Present address: Department of Ophthalmology and Visual Sciences, Howard Hughes Medical Institute, The University of Iowa, Iowa City, IA 52242, USA.
The effects of rod and cone loss on the photic regulation of locomotor activity and heart rate
Article first published online: 5 AUG 2008
© The Authors (2008).

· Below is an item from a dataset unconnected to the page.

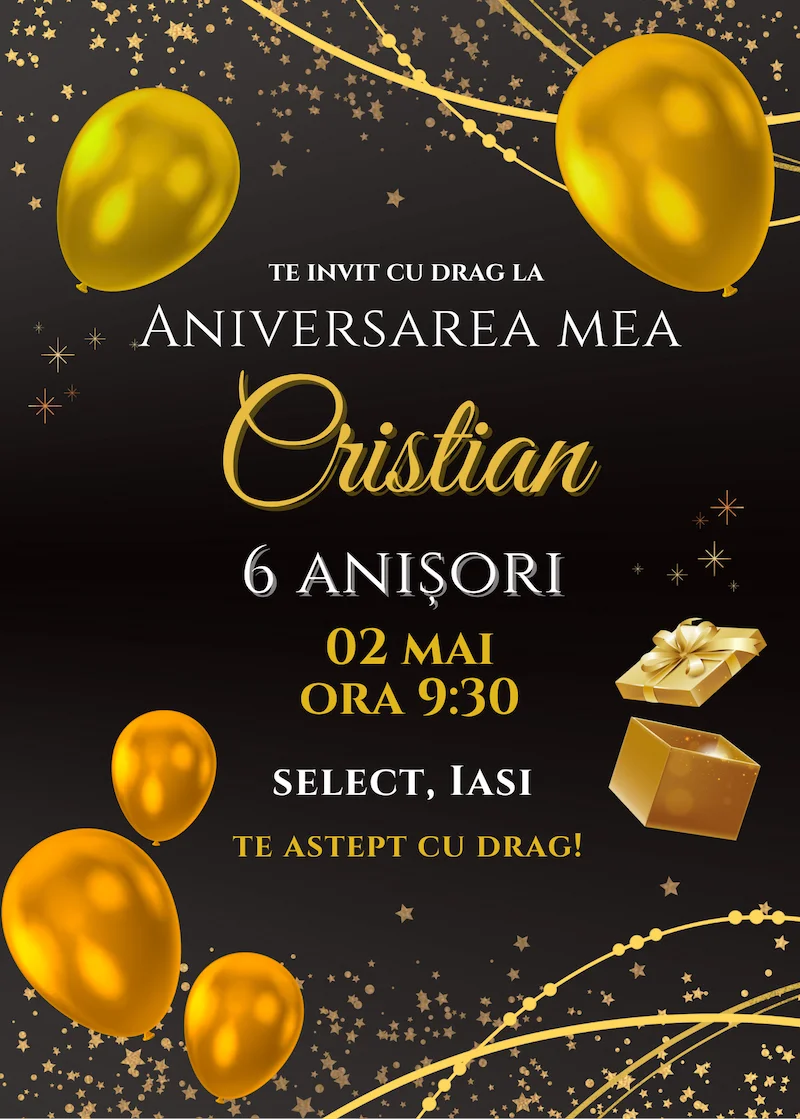 invitatie digitala zi de nastere tematica gold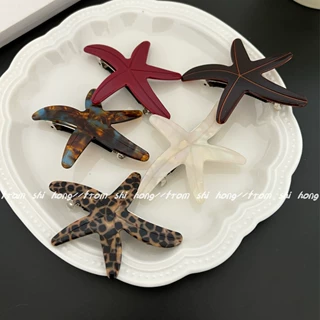 海岛日记~创意海星醋酸边夹发夹碎发刘海夹盘发器高级感弹簧夹子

Journal Compilation © Federation of European Neuroscience Societies and Blackwell Publishing Ltd
European Journal of Neuroscience
Volume 28, Issue 4, pages 724–729, August 2008
How to Cite
Thompson, S., Lupi, D., Hankins, M. W., Peirson, S. N. and Foster, R. G. (2008), The effects of rod and cone loss on the photic regulation of locomotor activity and heart rate. European Journal of Neuroscience, 28: 724–729. doi: 10.1111/j.1460-9568.2008.06388.x
Re-use of this article is permitted in accordance with the Creative Commons Deed, Attribution 2.5, which does not permit commercial exploitation.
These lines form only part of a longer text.